For this listing, reproduce the line with "Herpotherm – Lippenherpes", the line with "Cercetătorii din China", and the lines between, exactly as they stand. Leave out pictures and all other lines.

**Given entries**.
══════════

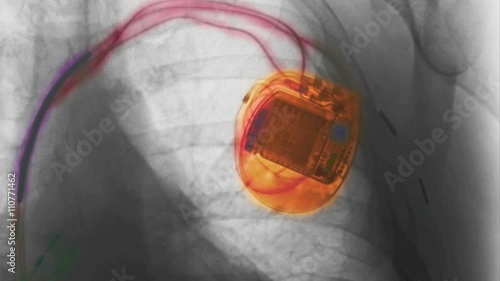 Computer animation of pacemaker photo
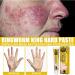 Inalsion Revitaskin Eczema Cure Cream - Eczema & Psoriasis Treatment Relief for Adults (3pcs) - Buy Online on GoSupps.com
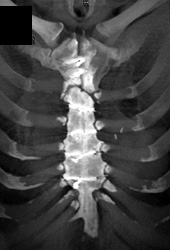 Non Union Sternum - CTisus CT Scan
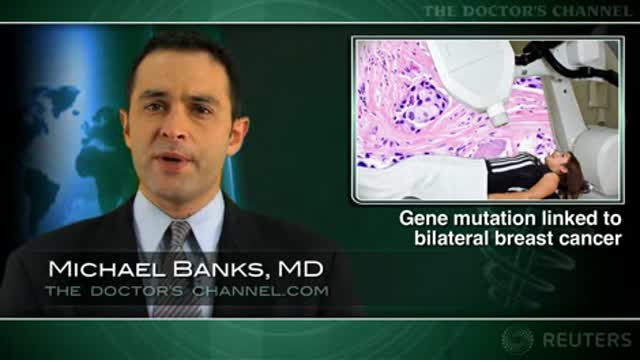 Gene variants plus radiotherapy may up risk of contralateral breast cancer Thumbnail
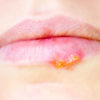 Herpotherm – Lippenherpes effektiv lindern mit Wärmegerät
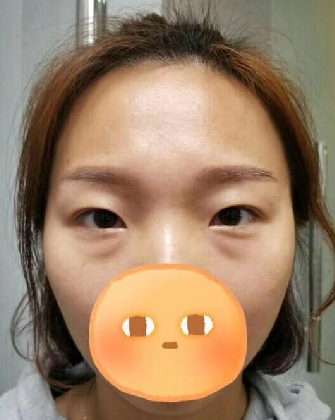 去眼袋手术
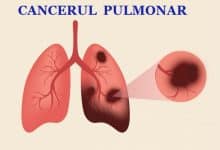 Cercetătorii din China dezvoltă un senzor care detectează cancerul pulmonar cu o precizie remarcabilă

══════════

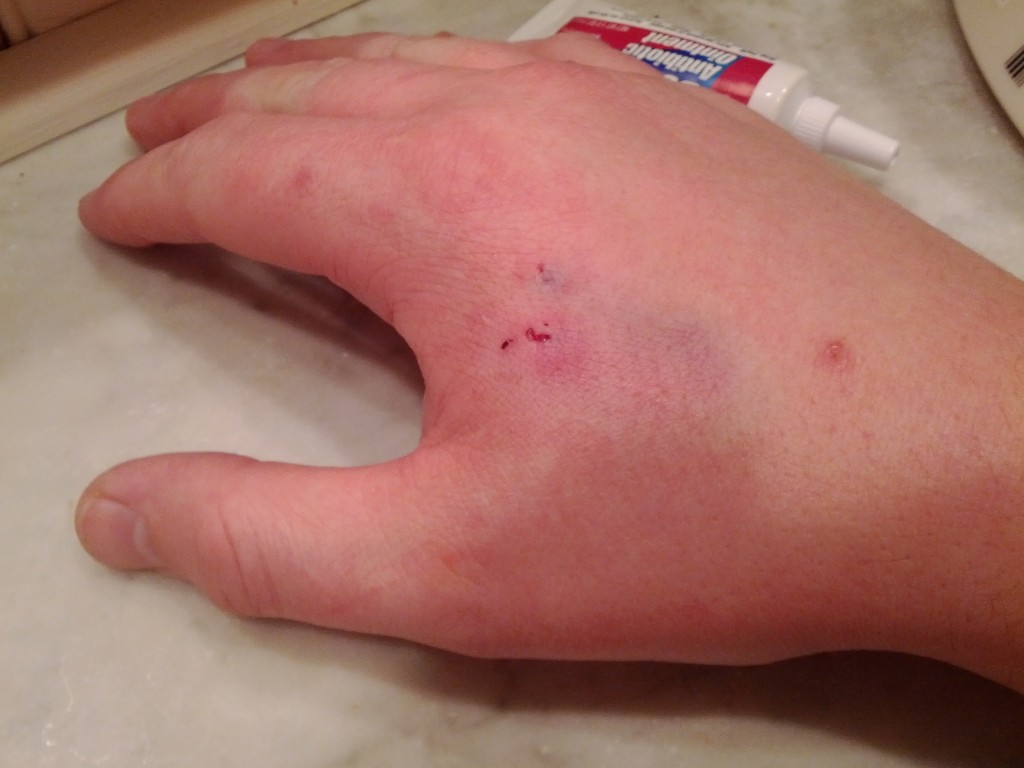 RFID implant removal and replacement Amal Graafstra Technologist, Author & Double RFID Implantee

══════════

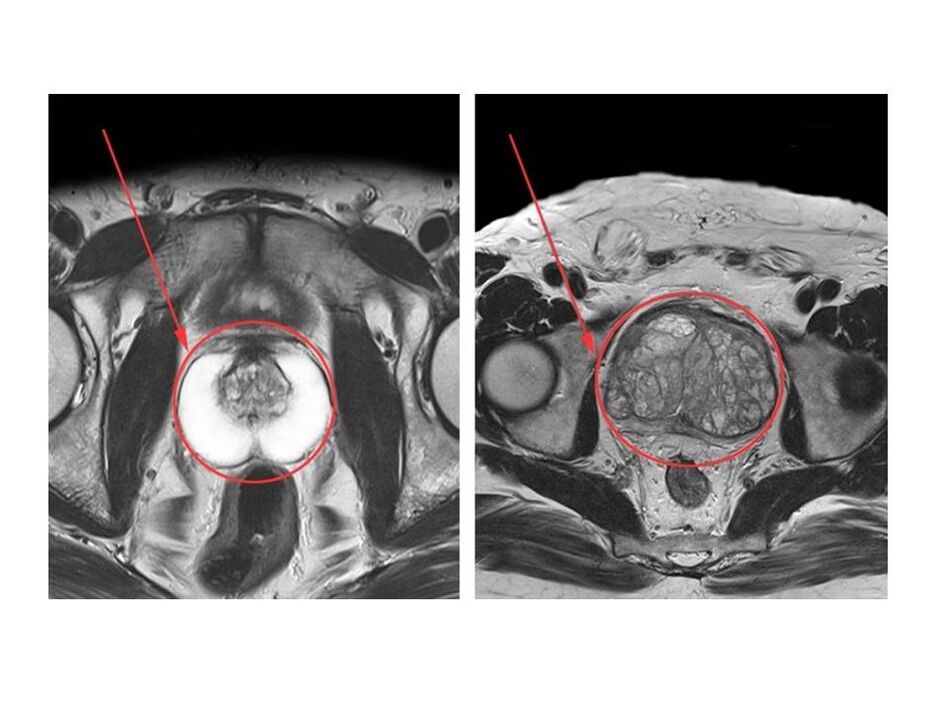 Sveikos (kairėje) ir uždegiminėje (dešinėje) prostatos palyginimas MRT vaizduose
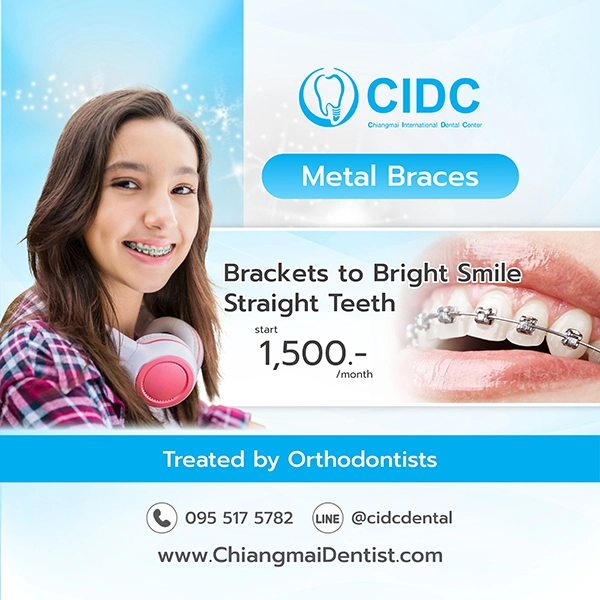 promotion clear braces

══════════

**Answer to the exercise**.
 Herpotherm – Lippenherpes effektiv lindern mit Wärmegerät
 去眼袋手术
 Cercetătorii din China dezvoltă un senzor care detectează cancerul pulmonar cu o precizie remarcabilă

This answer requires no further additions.